The figures break down 31 makes of cars and compare the percentage of each of them on the road to the percentage of their drivers receiving tickets.

The stats cover the period from mid-2010 to the end of 2013, when there were 78,760 vehicles on the road and a total of 50,731 tickets issued.

Const. Ian MacDonald said in 17 of the categories, the numbers are equal. For example, 8.7 per cent of the cars on the road in Abbotsford are Dodges, and 8.7 per cent of traffic tickets in the city were issued to Dodge drivers.

Similarly, 4.6 per cent of vehicles are GM's, and 4.6 per cent of tickets were given to the drivers of those cars.

In eight categories, the number of tickets handed out was slightly greater than the percentage of those vehicles on the road.

Pontiacs, for example, account for 3.2 per cent of the vehicles but their drivers collected 4.7 per cent of the tickets. The figures for Chevys were 10.4 and 11.2 respectively.

Six makes of vehicles – Buick, Ford, Kia, Mercedes, Nissan and Toyota – had reverse numbers.

The biggest margin was with Toyotas, which make up 12.1 per cent of the vehicles on the road, but whose drivers collected 9.5 per cent of tickets.

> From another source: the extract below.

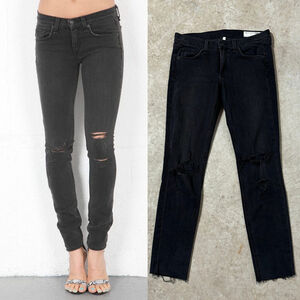 Rag & Bone Skinny Jeans Black Women’s Size 27 Rock with Holes Zip Fly Distressed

MacDonald said it's difficult to pinpoint why there is a more dramatic variation with Toyota drivers than with other cars.

"Our best guess … is that we think certain types of people are attracted to certain types of cars. It may be … that people who are conservative are drawn to Toyotas," he said.

The figures indicate that it's driving behaviour, and not the type of car, that results in a ticket being handed out, MacDonald said.

He said police released the stats as a means of furthering discussion about road safety, which the Abbotsford Police Department (APD) has again made its top priority for the year.

The issue was also the top priority in 2013 after a year that saw nine traffic-related fatalities.

That number dropped to six last year. MacDonald said the APD would like to drop that figure even further – "ultimately, we would like to see none" – as well as see an "appreciable difference" in the number of injury-related crashes.